All observations started from the experimental time zero (T0), which was considered as the day of the first vaccination event. Animals were monitored daily, paying special attention to the administration site and the development of any physical conditions such as difficulty moving (limp), piloerection, prostration, involuntary movements, shaking of the head, ataxia, salivation, nasal secretions/irritation, sneezing, difficulty breathing, tearing, hyperactivity or lethargy, incoordination, or diarrhea. Weight (g) and food (g/animal/day) and water consumption (mL/animal/day) were measured weekly as measures of toxicity.

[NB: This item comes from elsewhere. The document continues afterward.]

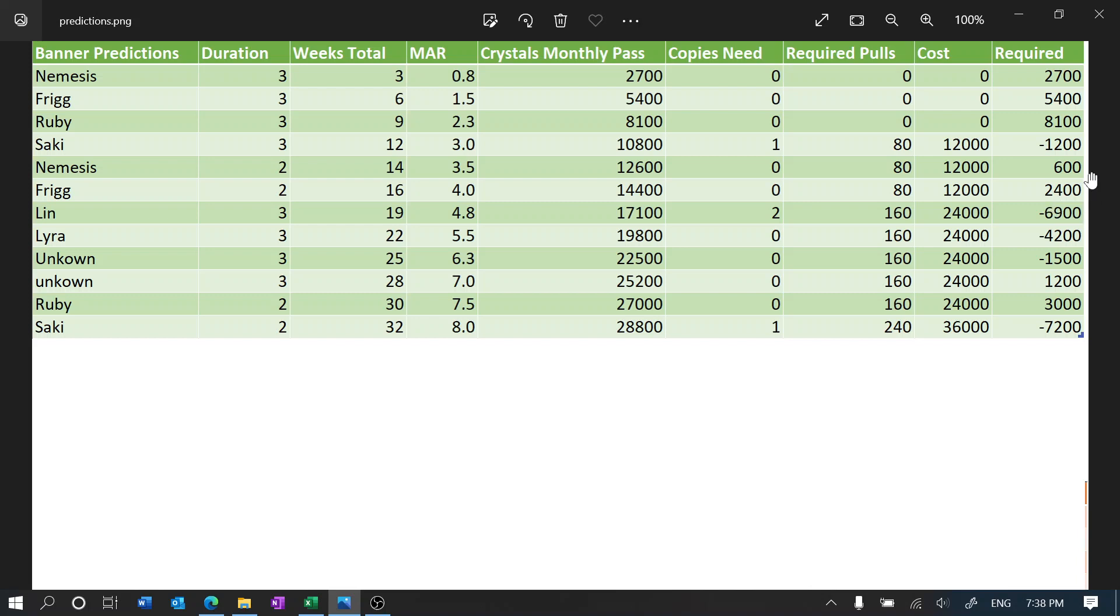But you're going to be pretty lucky. And yeah, down here when we get Saki we also have a lot of funds left as well. So in my opinion maybe going for two copies of Lynn might be the more reasonable way, but I want four copies.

The body temperature of the rats was measured using a laser clinical thermometer (Equate®, non-contact forehead thermometer, model #10857, Walmart, Mississauga, ON, Canada) directed towards the right ear. Body temperature was measured before and after each inoculation at 24 h intervals for 72 h.
Muscle diameter was evaluated as previously described for rats [13] with a digital caliper (Electronic Caliper with digital display, 6′′, 150 mm, Mastercraft, Toronto, ON, Canada) by measuring the diameter of the inoculated limb at the center of the musculature of the thigh region. Leaving the teeth of the caliper on the inner and external side of the muscle, the caliper was closed without putting pressure on the leg. This was done both before and after the IM vaccination at 24 h intervals for 72 h.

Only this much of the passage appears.